“The potential exists to greatly reduce transport energy use and GHG emissions by shaping the design of cities, restraining motorization and altering the attributes of vehicles and fuels. Indeed, slowing the growth in vehicle use through land-use planning and through policies that restrain increases in vehicle use would be an important accomplishment. Planning and policy to restrain vehicles and densify land use not only lead to reduced GHG emissions, but also reduced pollution, traffic congestion, oil use, and infrastructure expenditures and are generally consistent with social equity goals.” –Intergovernmental Panel on Climate Change (IPCC)
“Each bird while it is part of the flock seems part of something larger than itself. Another animal.” Barry H. Lopez, Arctic Dreams: Imagination and Desire in a Northern Landscape
There’s a Comprehensive Plan Update Meeting this evening at the Westside Community Center and I would urge you to go. It’s a good opportunity to help shape the framework that guides our growth. The draft Vision statement is up on line and you can submit your comments by email, too. I’ve been participating as much as I can in this Comp Plan update process. Good bicycling and good active transportation networks begin with a desire and vision for human powered mobility freedom. That vision drives the planning and zoning documents, which in turn directs the design of a transportation infrastructure that is inclusive and diverse and considers walking and bicycling as primary choices and fundamental requirements for an equitable and connected community. We can have a sustainable transportation system that promotes health and wellbeing, local economic development, and improves our quality of life.
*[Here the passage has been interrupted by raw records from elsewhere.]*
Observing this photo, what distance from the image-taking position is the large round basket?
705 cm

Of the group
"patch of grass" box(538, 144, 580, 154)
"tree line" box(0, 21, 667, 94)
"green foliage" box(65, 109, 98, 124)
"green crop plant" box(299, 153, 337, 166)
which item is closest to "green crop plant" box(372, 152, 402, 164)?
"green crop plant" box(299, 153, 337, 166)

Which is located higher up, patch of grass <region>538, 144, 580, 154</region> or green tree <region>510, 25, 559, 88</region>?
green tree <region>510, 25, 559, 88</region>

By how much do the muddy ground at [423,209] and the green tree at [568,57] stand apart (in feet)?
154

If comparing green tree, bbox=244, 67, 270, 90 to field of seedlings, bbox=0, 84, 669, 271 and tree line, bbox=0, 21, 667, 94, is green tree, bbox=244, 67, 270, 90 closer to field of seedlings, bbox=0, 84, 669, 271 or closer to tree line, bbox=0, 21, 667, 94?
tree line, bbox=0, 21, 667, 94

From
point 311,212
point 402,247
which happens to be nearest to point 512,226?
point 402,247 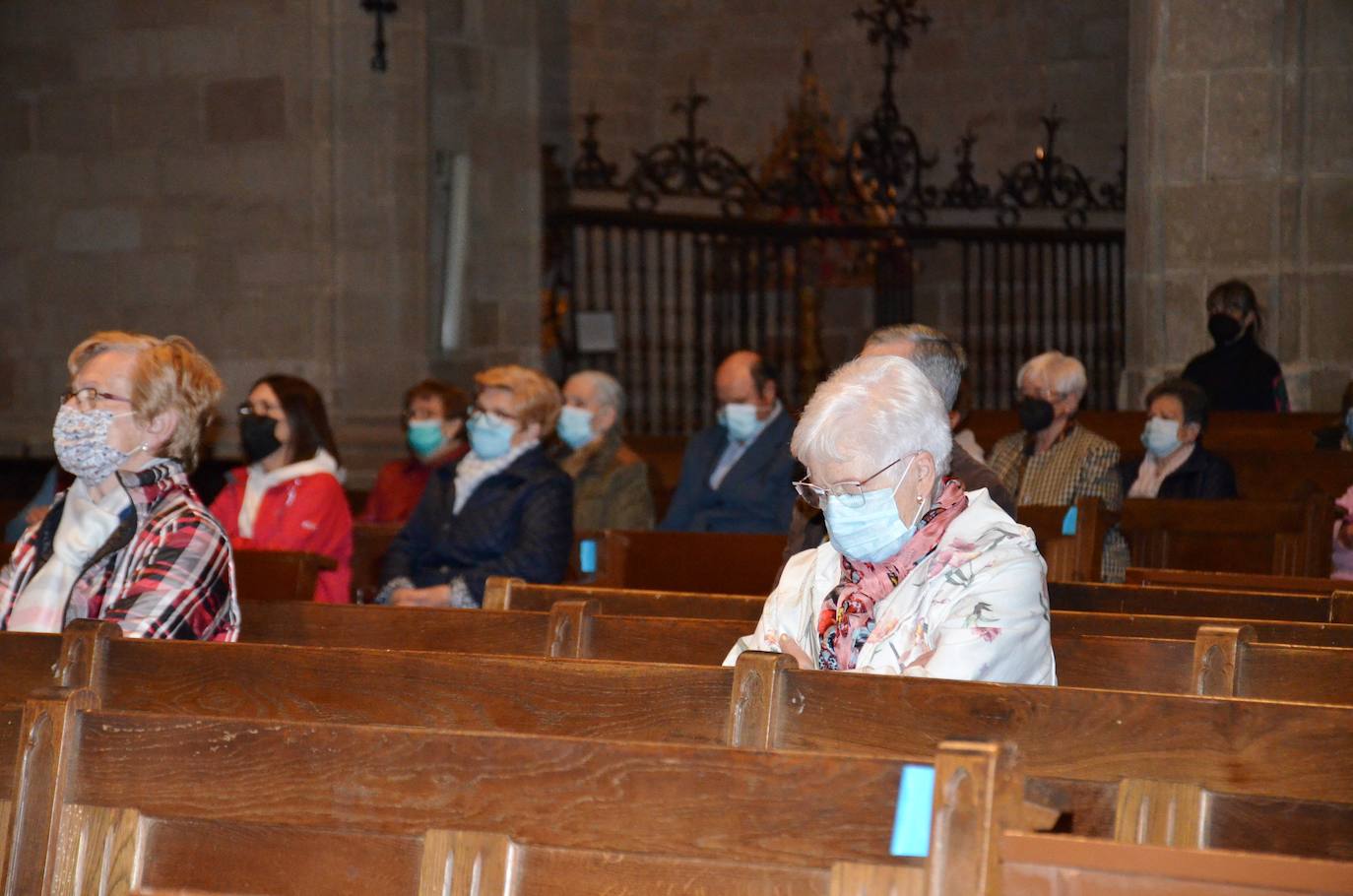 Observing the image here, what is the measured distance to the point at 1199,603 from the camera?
3.81 meters

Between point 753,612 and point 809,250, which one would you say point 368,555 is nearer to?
point 753,612

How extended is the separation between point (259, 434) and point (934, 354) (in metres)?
2.53

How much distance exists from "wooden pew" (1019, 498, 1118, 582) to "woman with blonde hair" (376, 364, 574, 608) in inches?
55.7

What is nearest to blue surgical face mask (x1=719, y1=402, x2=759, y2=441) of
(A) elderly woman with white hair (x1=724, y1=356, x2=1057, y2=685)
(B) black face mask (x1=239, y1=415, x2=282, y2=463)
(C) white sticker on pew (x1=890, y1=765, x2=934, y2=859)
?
(B) black face mask (x1=239, y1=415, x2=282, y2=463)

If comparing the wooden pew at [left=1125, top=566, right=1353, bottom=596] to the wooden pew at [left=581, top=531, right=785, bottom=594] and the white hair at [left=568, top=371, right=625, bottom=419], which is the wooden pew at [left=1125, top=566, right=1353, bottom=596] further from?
the white hair at [left=568, top=371, right=625, bottom=419]

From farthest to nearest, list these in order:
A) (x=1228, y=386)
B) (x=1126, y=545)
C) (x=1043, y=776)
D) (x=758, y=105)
Result: (x=758, y=105) → (x=1228, y=386) → (x=1126, y=545) → (x=1043, y=776)

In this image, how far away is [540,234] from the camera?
33.2 feet

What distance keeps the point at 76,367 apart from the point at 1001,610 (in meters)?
2.06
We just have to ask for it. We have an opportunity to create human habitat where we are free to move under our own power. Let freedom ring through your voice, choice and vision.
“There is vitality, a life force, an energy, a quickening that is translated through you into action. And because there is only one of you in all time, this expression is unique. If you block it, it will never exist through any other medium and will be lost. The world will not have it. It is not your business to determine how good it is, nor how it compares to other expressions. It is imply your business to keep the channel open.” –Martha Graham, Making Good

The Bison are back on the Sandia lands grazing away on the east mesa near Tramway
“At the root of the failure to regulate bison hunting was the midcentury belief in economic competition. Everyone, Indian or Euroamerican included, was engaged in a race to exploit resources for individual gain.” (Andrew C. Isenberg, Destruction of Bison, p.163)
The purpose of our economy is to support human nature. The transportation ecosystem as a tool for economic development needs to support human movement the way we are intended to move. We can’t afford to lose our fundamental human powers.